Claim: In any field — business, politics, education, government — those in power should step down after five years.

Reason: The surest path to success for any enterprise is revitalization through new leadership.

Write a response in which you discuss the extent to which you agree or disagree with the claim and the reason on which that claim is based.

In each field of study and society, those in power are in control of high-level, high-pressure issues. They are experts in their fields and they have spent, sometimes decades, working to get there. The ones who last have gotten where they are have done so on merit, skill, and knowledge. Cycling through those preeminent in their field every five years would lead to a lower level of success overall, constant, chaotic change, and ridding institutions of one of their most valuable keys to continued success: trust in their leader’s abilities and judgement.

The adage, “knowledge is power” holds true for many fields, especially ones as prominent as business, politics, and government. Most fields benefit from people in power who have deep knowledge of their area and are experts - scientists who have spent decades researching the same topic, teachers who have specialized in one area of study, and CEOs who have spent their careers with the same company. Having wells of knowledge creates leaders who can draw on their own stores and their personal experience to solve dynamic problems and forge strong entities, such as businesses, governments, and universities. There is also the opposite side of the adage, which says that “power corrupts” - a phrase that looks over a fundamental element of high-powered, high-performing entities and institutions. Namely, if there is corruption (moral, financial, or legal) it will not be tolerated on the scale of CEOs, Presidents, and scholars.
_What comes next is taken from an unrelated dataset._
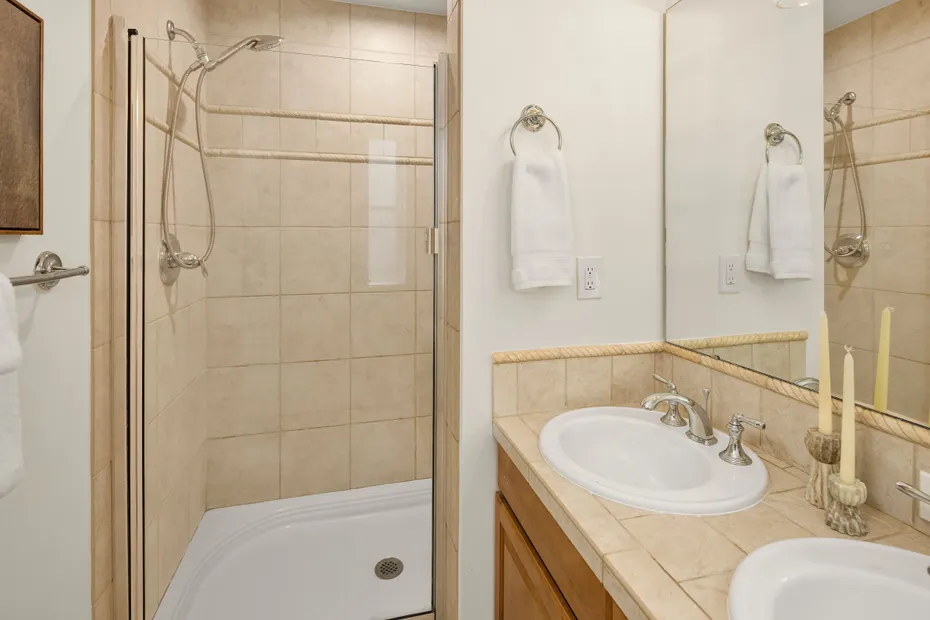 746 Boylston Avenue E #A Photo 26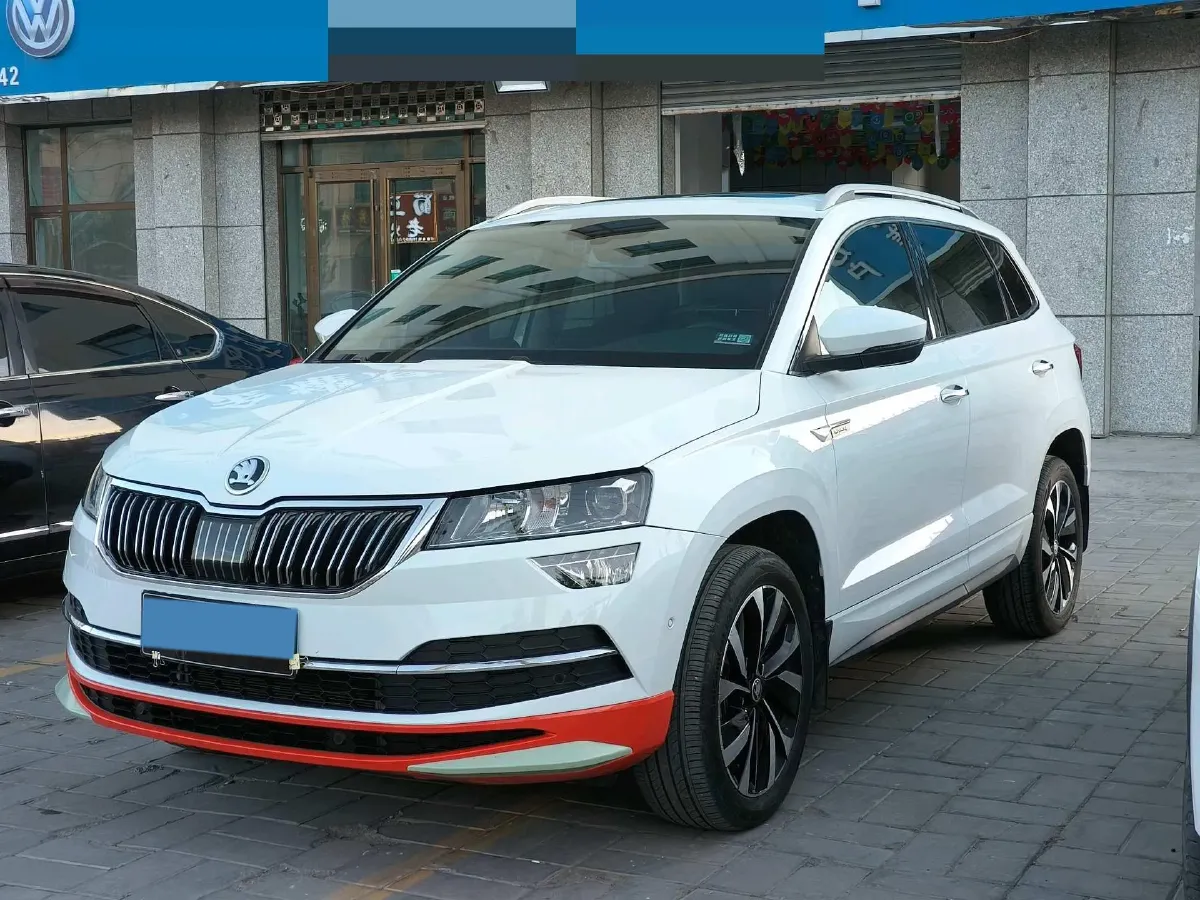 2023 Skoda Karoq 1.4T 150HP L4 7DCT,autocango,china used car exporter,china ev exporter,chinese used car exporter,chinese used ev exporter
Suggesting that those in power should change every five years also cuts out one of the most valuable aspects of having a seasoned, veteran member in a leadership role: losing that much industry-specific or company-specific knowledge, and arguably more important, the trust that is built over 5 years, is tantamount to firing and hiring all new people every five years. The intrinsic knowledge that is gained with experience is not transient from one leader to another, as is not their leadership style or the trust they have built over time. These factors are more crucial to the success of companies, the happiness of employees, and the performance of the leader than anything else they do. Getting rid of someone after so little as five years would certainly add new leadership- whether that new leadership would “revitalize” is unlikely.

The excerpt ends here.